Personally, I prefer the second way to solve, it takes much less time than the first one. Hope it helps.

No, that is not the case. The 't' in my solution represents the time after Mike starts moving. If you wanted to find the time including the 2 hour head start that Jim got, you'd need to add 2.

And before Mike starts moving, you could say colloquially that Jim has traveled infinitely further than Mike. But if the ratio of Jim's speed to Mike's speed is 3 to 2, then no matter what head start one of them gets, the longer they travel, the closer the ratio of their distances will get to 3 to 2 (it's Jim who is faster, by the way, not Mike). So at some point that ratio will be 4 to 1, and at some later time it will be 2 to 1, the two ratios in the question. The only ratios that would be impossible are ratios of 3 to 2 or less.

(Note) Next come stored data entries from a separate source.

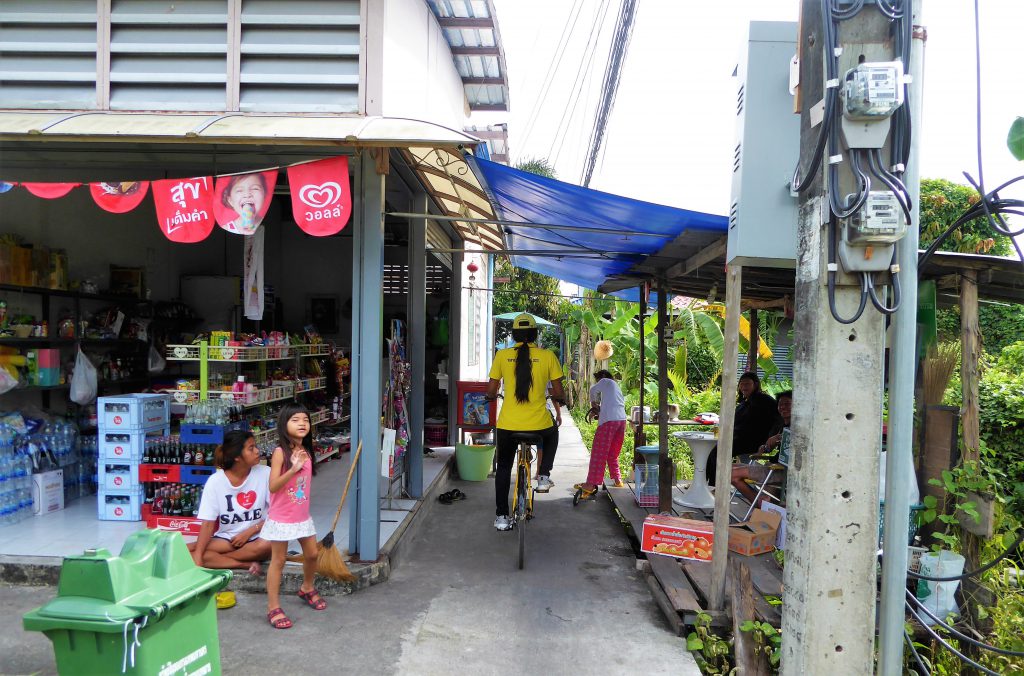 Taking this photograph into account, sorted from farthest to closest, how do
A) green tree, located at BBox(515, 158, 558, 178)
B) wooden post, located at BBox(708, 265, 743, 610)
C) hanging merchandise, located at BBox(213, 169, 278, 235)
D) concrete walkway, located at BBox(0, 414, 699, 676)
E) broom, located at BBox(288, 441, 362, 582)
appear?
1. green tree, located at BBox(515, 158, 558, 178)
2. hanging merchandise, located at BBox(213, 169, 278, 235)
3. broom, located at BBox(288, 441, 362, 582)
4. wooden post, located at BBox(708, 265, 743, 610)
5. concrete walkway, located at BBox(0, 414, 699, 676)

That's a very good point - in my original solution, I used Mike's time here instead of Jim's time, but your solution is perfect. Thanks for the correction! I've edited the last line of my solution to fix that.

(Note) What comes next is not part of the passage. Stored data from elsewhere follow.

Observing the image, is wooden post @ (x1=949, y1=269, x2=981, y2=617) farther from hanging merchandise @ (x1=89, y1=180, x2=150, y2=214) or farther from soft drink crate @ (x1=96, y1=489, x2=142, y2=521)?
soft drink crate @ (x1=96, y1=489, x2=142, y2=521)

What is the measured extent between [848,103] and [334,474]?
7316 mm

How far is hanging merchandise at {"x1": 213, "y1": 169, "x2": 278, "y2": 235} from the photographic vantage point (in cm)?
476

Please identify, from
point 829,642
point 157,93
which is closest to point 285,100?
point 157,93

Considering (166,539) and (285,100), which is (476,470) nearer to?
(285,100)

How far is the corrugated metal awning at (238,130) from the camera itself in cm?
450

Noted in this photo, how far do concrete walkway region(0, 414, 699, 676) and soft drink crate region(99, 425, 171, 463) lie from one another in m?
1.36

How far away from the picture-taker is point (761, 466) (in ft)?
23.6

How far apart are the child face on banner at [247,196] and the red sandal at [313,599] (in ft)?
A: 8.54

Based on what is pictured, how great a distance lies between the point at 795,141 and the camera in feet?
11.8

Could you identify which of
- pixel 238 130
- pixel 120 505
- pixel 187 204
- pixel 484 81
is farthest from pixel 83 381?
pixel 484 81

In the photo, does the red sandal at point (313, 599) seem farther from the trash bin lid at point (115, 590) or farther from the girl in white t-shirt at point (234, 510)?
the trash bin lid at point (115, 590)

I, too, got 168 minutes. The question itself is a pretty straightforward one but the problem is that the correct answer is not listed among the options. My solution:

(1) Let T1 hrs be the time MIKE takes to cover half the distance that JIM covers concurrently. Since Jim had a 2 hour head-start, he will have covered 3*(T1+2) miles by the time Mike covers 2*T1 miles. Thus,
2T1=(1/2)[3(T1+2)]. Solving, we get T1=6 hrs=360 minutes.

(2) Let T2 hrs be the time JIM takes to cover 4 times the distance MIKE covers concurrently.Since Mike started 2 hours later, he will have covered 2*(T2-2) miles by the time Jim covers 3*T2 miles. Thus,
3*T2=4*2*(T2-2). Solving, we get T2=(16/5)hrs=192 minutes.

T1-T2=360-192= 168 minutes.

Back-solving, this checks out:
(a) In 6 hrs, Mike travels 12 miles. Concurrently, Jim travels for 8 hrs (since he had a 2-hour head-start) and covers 8*3=24 miles which is twice the distance Mike covered. So, 360 minutes for T1 checks out.
(b) In (16/5)hrs, Jim travels (48/5)miles. Concurrently Mike travels for (16/5-2)hrs (since he started 2 hrs after Jim) and covers (6/5)*2=(12/5)miles. So the distance that Jim covers (48/5)miles is 4 time the distance that Mike covers (12/5)miles. Checks out.

On the other hand, the OA does NOT check out. Tried assuming 'x' hrs as the time for the 2nd scenario (Jim covering 4 times the distance Mike covers) which makes [x+(12/5)]hrs the time for the 1st scenario, formed equations and got different values for 'x' in the two scenarios.

Maybe, the official solution could clear things up. Expert input from Buniel, VeritasKarishma or chetan2u would be welcome.

btrg
What is the source of this question? It seems that the answer is 168, but it is not listed in the answer choices.
Thanks!